Since 2017, Pham has been selected as a Fellow, and now Affiliate, at Harvard University’s Berkman Klein Center for Internet and Society, where her research spans technology, policy, healthcare, artificial intelligence, and the social responsibility and ethics of the tech industry. As a member of the 2018 MIT Media Lab and Berkman Klein Center Assembly, Pham's work addressed the ethics and governance of Artificial Intelligence with a focus on community involvement and community voices, and she co-founded ai-in-the-loop. Pham teaches Product Management and Society at the Harvard Kennedy School, where she has also feld Fellowships at the Shorenstein Center and Belfer Center.

From 2018 to 2021, at Mozilla, Pham was a Fellow and Co-Director of the Responsible Computer Science Challenge, where she also co-edited the Teaching Responsible Computing Playbook along with Atri Rudra. In 2020, Pham co-founded the Fix the Internet Incubator at Mozilla, supporting 50 teams and start-ups world-wide in the first year. She later served as a Senior Advisor at Mozilla.

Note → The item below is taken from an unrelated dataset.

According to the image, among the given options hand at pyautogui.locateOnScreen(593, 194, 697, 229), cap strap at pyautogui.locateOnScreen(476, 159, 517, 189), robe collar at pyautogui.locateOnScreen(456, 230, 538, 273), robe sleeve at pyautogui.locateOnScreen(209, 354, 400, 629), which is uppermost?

In 2021, Pham was named Deputy Chief Technology Officer of the Federal Trade Commission.

In 2023, Pham was named the inaugural Executive Director of the National AI Advisory Committee (NAIAC), which advises the President and National AI Initiative Office.

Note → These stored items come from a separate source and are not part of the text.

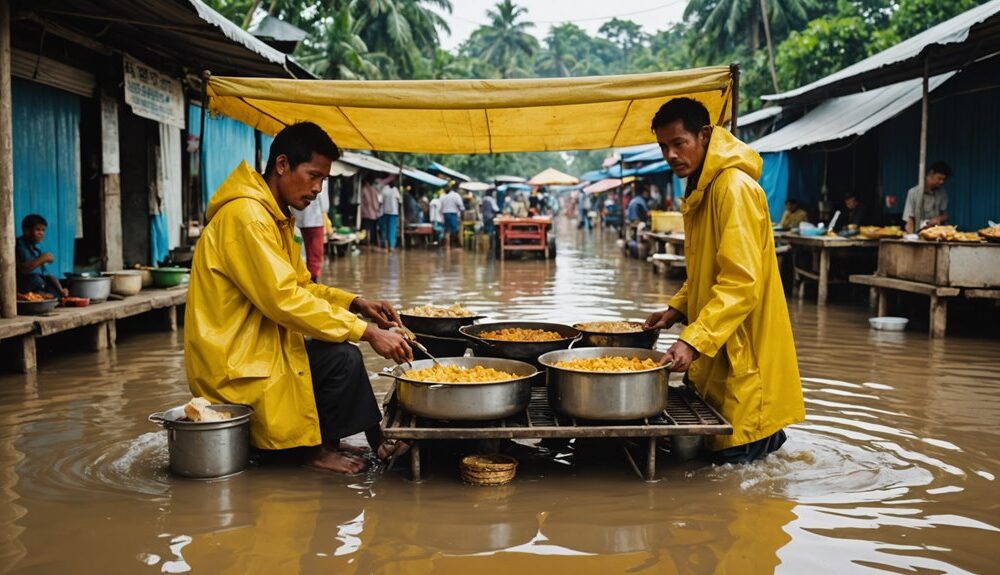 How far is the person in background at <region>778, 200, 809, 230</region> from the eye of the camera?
50.3 ft

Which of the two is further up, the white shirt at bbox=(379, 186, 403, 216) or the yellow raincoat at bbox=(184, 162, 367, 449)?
the white shirt at bbox=(379, 186, 403, 216)

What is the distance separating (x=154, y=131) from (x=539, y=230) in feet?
37.9

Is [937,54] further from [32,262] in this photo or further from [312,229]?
[32,262]

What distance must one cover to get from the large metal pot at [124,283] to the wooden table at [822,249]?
9060mm

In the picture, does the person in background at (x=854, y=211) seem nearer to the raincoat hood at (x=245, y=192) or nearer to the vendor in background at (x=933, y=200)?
the vendor in background at (x=933, y=200)

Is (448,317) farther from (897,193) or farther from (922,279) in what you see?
(897,193)

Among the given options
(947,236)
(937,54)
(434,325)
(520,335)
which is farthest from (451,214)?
(520,335)

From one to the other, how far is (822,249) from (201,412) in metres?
10.2

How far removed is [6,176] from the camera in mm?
6332

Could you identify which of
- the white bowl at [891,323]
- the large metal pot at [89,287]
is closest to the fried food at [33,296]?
the large metal pot at [89,287]

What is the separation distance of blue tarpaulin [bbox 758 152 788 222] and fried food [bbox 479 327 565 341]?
12.3 meters

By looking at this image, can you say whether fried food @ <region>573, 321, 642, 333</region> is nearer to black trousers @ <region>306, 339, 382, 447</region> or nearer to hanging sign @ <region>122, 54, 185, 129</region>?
black trousers @ <region>306, 339, 382, 447</region>

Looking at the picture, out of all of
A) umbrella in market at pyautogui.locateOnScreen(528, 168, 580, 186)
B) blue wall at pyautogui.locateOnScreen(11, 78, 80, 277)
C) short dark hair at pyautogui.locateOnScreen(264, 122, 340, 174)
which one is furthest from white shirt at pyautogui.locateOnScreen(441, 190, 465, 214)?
short dark hair at pyautogui.locateOnScreen(264, 122, 340, 174)

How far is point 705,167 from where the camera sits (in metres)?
4.16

Pham is active with outreach and activism, and has been notable for bringing her infant daughter along for a keynote address prompting the hashtag #LittleKeynoteSpeaker. She works closely with immigrant communities to help navigate government services. Pham has served as an advisory board member of the Anita Borg Institute and the Make the Breast Pump Not Suck Initiative. To honor her late mother, Pham created the Mary Hương Thị Phạm Endowment at the Georgia Institute of Technology. Pham was the founder and executive director of the Cancer Sidekick Foundation and the founder of the Boston Chapter of Women in Product. She coined the term Cancer Patient Sidekick.
== Honors ==
- Inducted into the Computing Hall of Fame at the Georgia Institute of Technology (2021)

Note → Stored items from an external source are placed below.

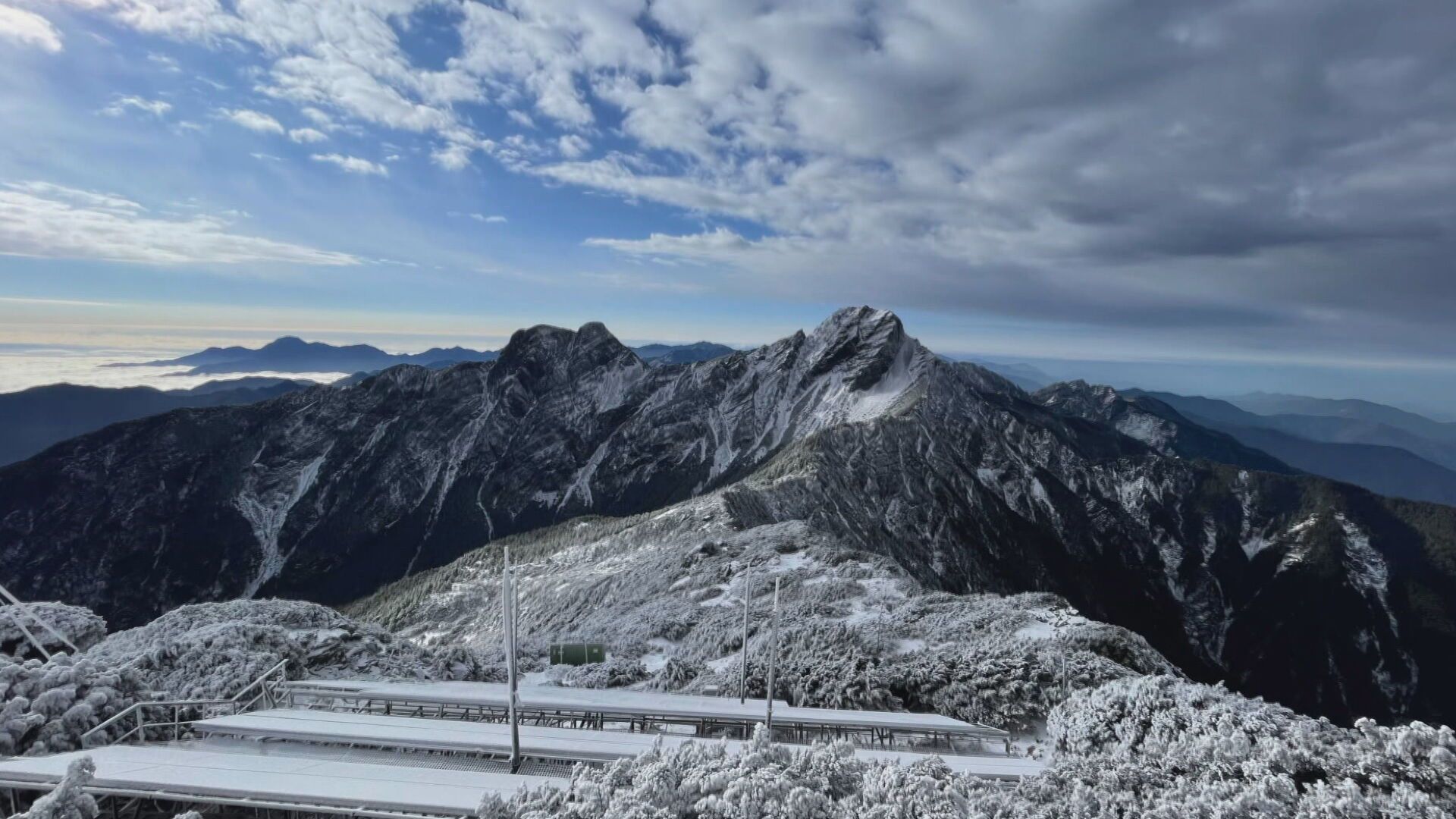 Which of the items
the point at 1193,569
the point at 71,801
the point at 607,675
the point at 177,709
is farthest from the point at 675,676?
the point at 1193,569

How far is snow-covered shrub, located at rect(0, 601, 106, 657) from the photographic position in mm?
33094

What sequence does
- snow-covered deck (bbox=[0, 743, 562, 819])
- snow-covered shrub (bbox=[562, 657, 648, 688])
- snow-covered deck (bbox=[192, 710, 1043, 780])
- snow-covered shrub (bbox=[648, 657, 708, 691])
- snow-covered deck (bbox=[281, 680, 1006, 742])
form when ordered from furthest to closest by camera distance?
snow-covered shrub (bbox=[562, 657, 648, 688])
snow-covered shrub (bbox=[648, 657, 708, 691])
snow-covered deck (bbox=[281, 680, 1006, 742])
snow-covered deck (bbox=[192, 710, 1043, 780])
snow-covered deck (bbox=[0, 743, 562, 819])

- Inaugural 40 under 40, Georgia Institute of Technology (2020)
- Invited to give Commencement Class Day Farewell Lecturer, Harvard Kennedy School (2020)
- Invited to give Commencement Speaker, Harvard University, Extension School (2019)
- One of the youngest members to be inducted in the Georgia Tech Greek Hall of Fame. (2017)
- First Lady Michelle Obama’s Guest to the 2015 State of the Union
- Nguoi Viet’s 40 under 40
- First Place, representing the United States in the international Imagine Cup “Olympics for Technology” competition with over 300,000 competitors.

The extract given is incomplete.